By Warren Dennington
Tags: inshore

My neck light has evolved from my googan days of using a mini Mag-Light stuffed in my pocket on the beach to a dive light customized for swimming out to offshore rocks as my needs demanded and to take advantage of new technology available. In addition, carrying a second light as a back-up in my surf bag has saved many trips for myself and friends. You may want use a smaller size as your backup to save space in your bag.

Boat fishermen who hunt stripers on night tides could also make good use of this light, and its waterproof qualities are an added safety benefit should you get caught off guard by a rogue wave and wind up in the drink.

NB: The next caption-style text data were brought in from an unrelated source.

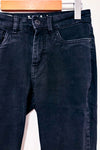 Jeans noir jambe évasée à taille régulière seconde main - Jeaniologie- La Penderie du Paradis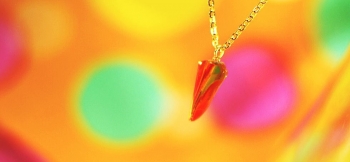 ラフォルム ガラスジュエリー ガラスアクセサリー Candy carrot ビタミンカラーのオレンジが元気になれそうなペンダントです。クリアーをベースに、オレンジの流れをの模様を施しています。細身で小ぶりですので、胸元にとても可愛らしい存在感があり…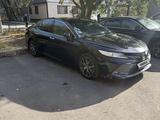 Toyota Camry 2018 года за 14 000 000 тг. в Караганда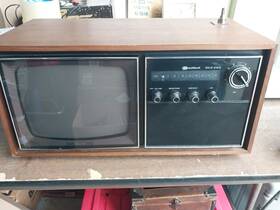 56614 Bradford Very Vintage And Rare Inch Solidstate Tube T.v. Executive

The light I have been using lately uses 4 AA batteries and is made by Streamlight. I like the fact that it uses LED because the batteries and bulbs seem to last forever. I also like the push-button switch on the back of the light that makes easier and faster to turn on or off. The light is waterproof and I have never had a problem with it flooding out. There are other similar lights available at dive shops or tackle shops that you can use as well.

First up I put a mouthpiece on the back of the light to allow me to put the light in my mouth and have two hands available to change plugs, tie leaders or anything else necessary during night outings. The mouthpiece is a replacement part for an inflator on a buoyancy compensator used for scuba diving. It is also available at dive shops or online at dive gear websites. The mouthpiece is stretched over the back of the light and a wire tie, usually included with the mouthpiece, is used to hold it in place.

Next, take a 2-foot length of surgical tubing and use two wire ties to secure it to the sides of the light. Depending on how you fish, a longer or shorter piece of tubing can be used. I was once swimming in some rough surf and my light got washed over my head, so now I make the length of the tubing short enough so that it has to be stretched over the top of my head.

Finally, I wrap all of the tubing and bottom of the mouthpiece with electrical tape to add additional security and smooth out the rough edges of the wire ties.